Spark Streaming is built on an abstraction called Discretized Streams referred, to as DStreams. A DStream is represented as a sequence of RDDs, with each RDD created at each time interval. The DStream can be processed in a similar fashion to regular RDDs using similar concepts such as a directed cyclic graph-based execution plan (Directed Acyclic Graph). Just like a regular RDD processing, the transformations and actions that are part of the execution plan are handled for the DStreams.
DStream essentially divides a never ending stream of data into smaller chunks known as micro-batches based on a time interval, materializing each individual micro-batch as a RDD which can then processed as a regular RDD. Each such micro-batch is processed independently and no state is maintained between micro-batches thus making the processing stateless by nature. Let's say the batch interval is 5 seconds, then while events are being consumed, real-time and a micro-batch are created at every 5-second interval and the micro-batch is handed over for further processing as an RDD. One of the main advantages of Spark Streaming is that the API calls used to process the micro-batch of events are very tightly integrated into the spark for APIs to provide seamless integration with the rest of the architecture. When a micro-batch is created, it gets turned into an RDD, which makes it a seamless process using spark APIs.

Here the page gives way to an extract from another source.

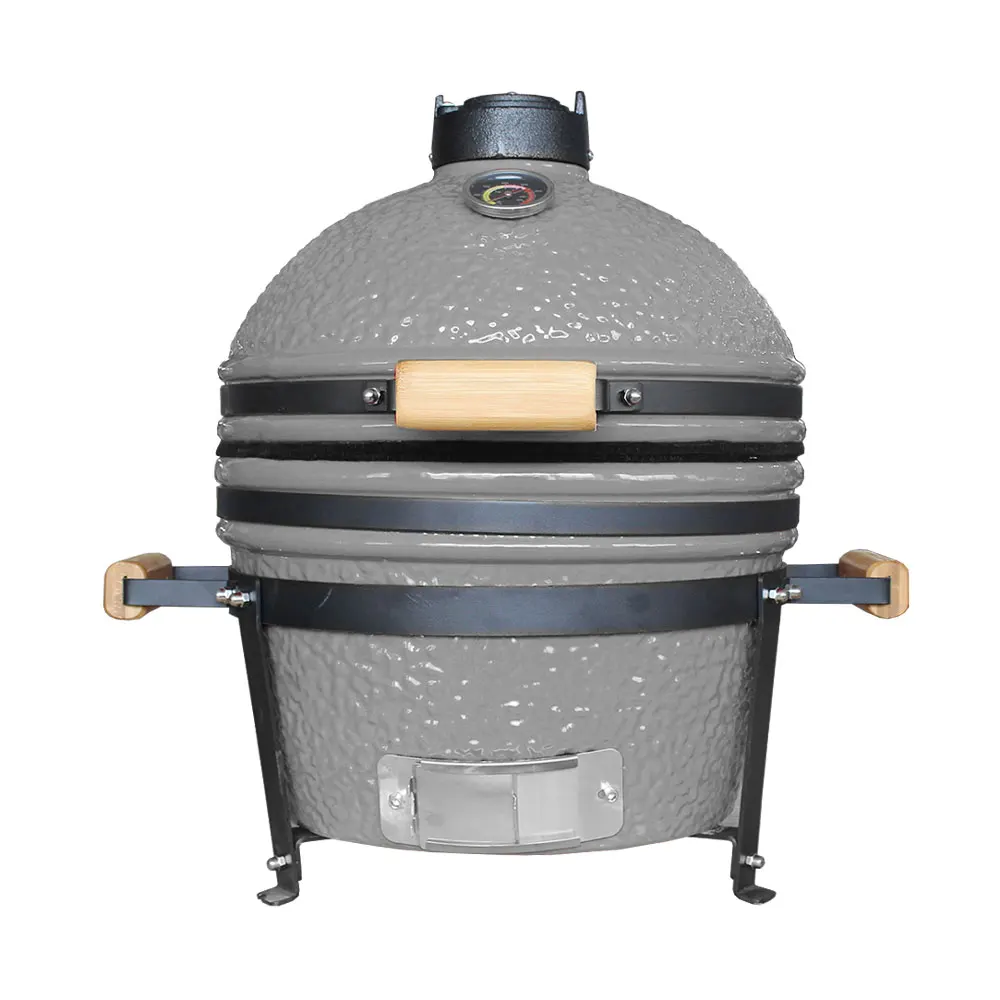 

16-дюймовый керамический угольный гриль-барбекю в стиле курильщика Камадо для домашнего декора, приготовления пищи на открытом воздухе и садовые принадлежности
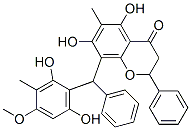 CAS#: 60715-58-4， 8-[(2,6-Dihydroxy-4-Methoxy-3-Methylphenyl)Phenylmethyl]-2,3-Dihydro-5,7-Dihydroxy-6-Methyl-2-Phenyl-4H-1-Benzopyran-4-One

The DStream class looks like the following in the source code showing the most important variable, a HashMap[Time, RDD] pairs:
class DStream[T: ClassTag] (var ssc: StreamingContext)

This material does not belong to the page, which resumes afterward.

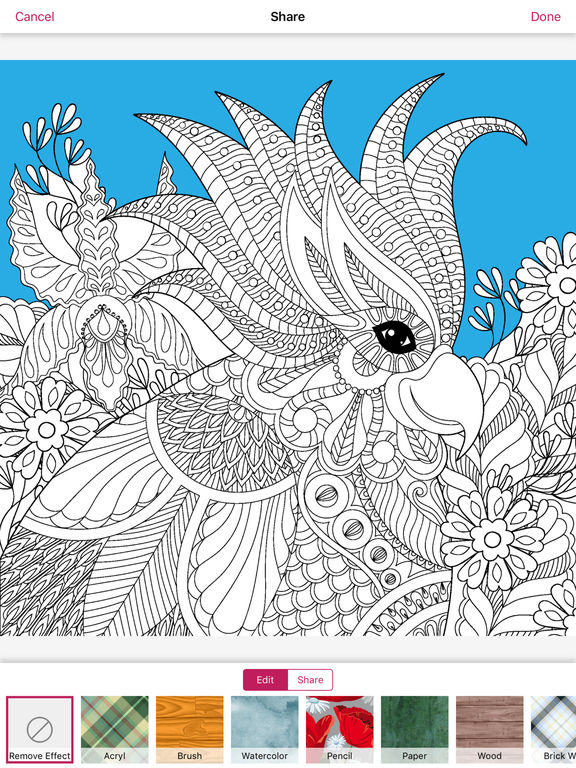 Download App Shopper: coloring book color therapy free adult for adults (Games)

//hashmap of RDDs in the DStream
var generatedRDDs = new HashMap[Time, RDD[T]]()
Shown in the following is an illustration of a DStream comprising an RDD created every T seconds:
In the following example, a streaming context is created to create micro-batches every 5 seconds and to create an RDD, which is just like a Spark core API RDD. The RDDs in the DStream can be processed just like any other RDD.

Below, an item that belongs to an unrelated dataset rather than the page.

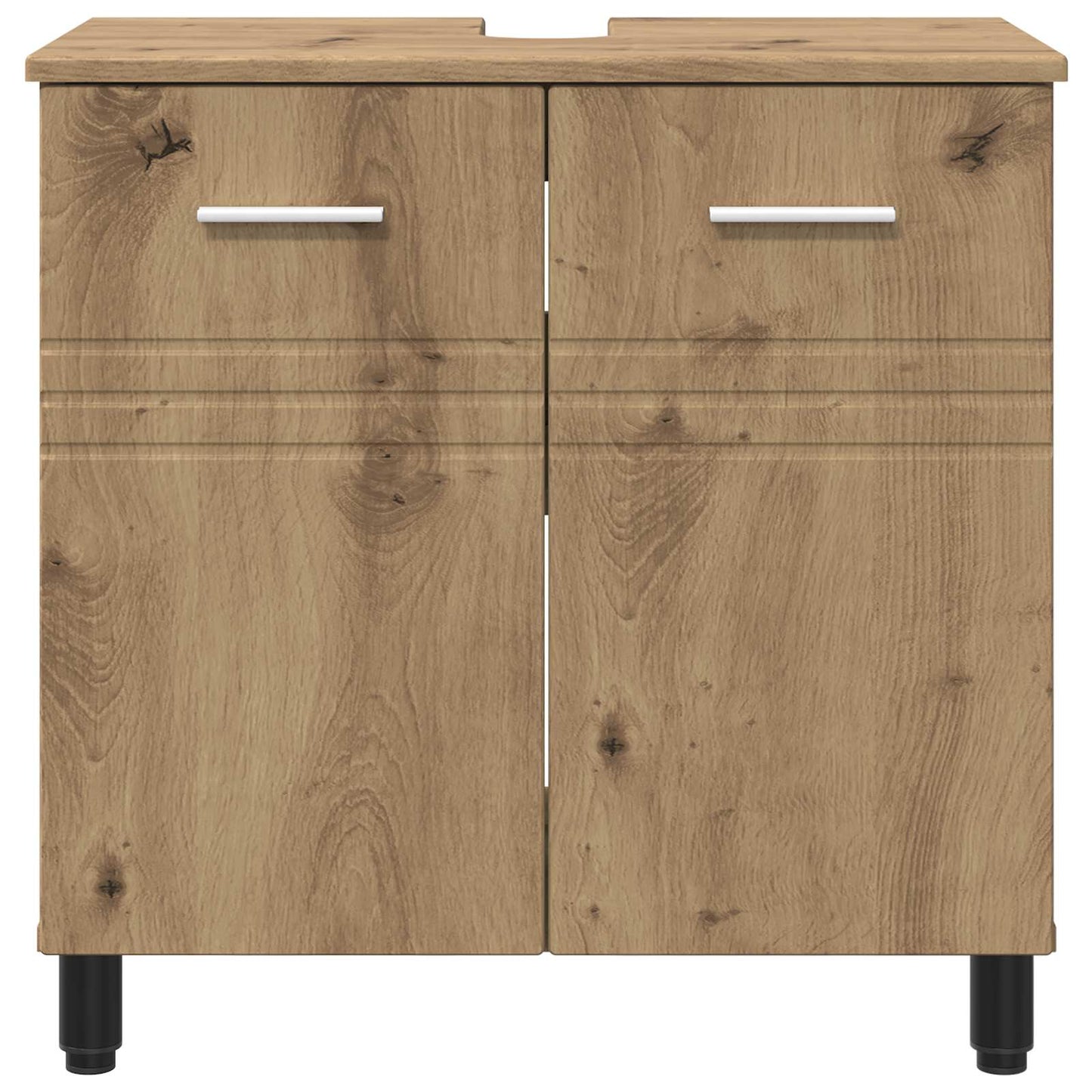 Badkamer Waskom Artisanaal eiken 60 x 35 x 60 cm Bewerkt hout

The steps involved in building a streaming application are as follows:
- Create a StreamingContext from the SparkContext.
- Create a DStream from StreamingContext.
- Provide transformations and actions that can be applied to each RDD.
- Finally, the streaming application is started by calling start() on the StreamingContext. This starts the entire process of consuming and processing real-time events.
Shown in the following is an example of how to create a simple streaming job accessing Twitter:
- Create a StreamingContext from the SparkContext:
scala> val ssc = new StreamingContext(sc, Seconds(5))
ssc: org.apache.spark.streaming.StreamingContext =
org.apache.spark.streaming.StreamingContext@8ea5756
- Create a DStream from StreamingContext:
scala> val twitterStream = TwitterUtils.createStream(ssc, None)
twitterStream: org.apache.spark.streaming.dstream
.ReceiverInputDStream[twitter4j.Status] =
org.apache.spark.streaming.Twitter.TwitterInputDStream@46219d14
- Provide transformations and actions that can be applied to each RDD:
val aggStream = twitterStream
.flatMap(x => x.getText.split(" ")).filter(_.startsWith("#"))
.map(x => (x, 1))
.reduceByKey(_ + _)
- Finally, the streaming application is started by calling start() on the StreamingContext. This starts the entire process of consuming and processing real-time events:
ssc.start()
//to stop just call stop on the StreamingContext
ssc.stop(false)
- Created a DStream of type ReceiverInputDStream, which is defined as an abstract class for defining any InputDStream that has to start a receiver on worker nodes to receive external data. Here, we are receiving from Twitter stream:
class InputDStream[T: ClassTag](_ssc: StreamingContext) extends
DStream[T](_ssc)
class ReceiverInputDStream[T: ClassTag](_ssc: StreamingContext)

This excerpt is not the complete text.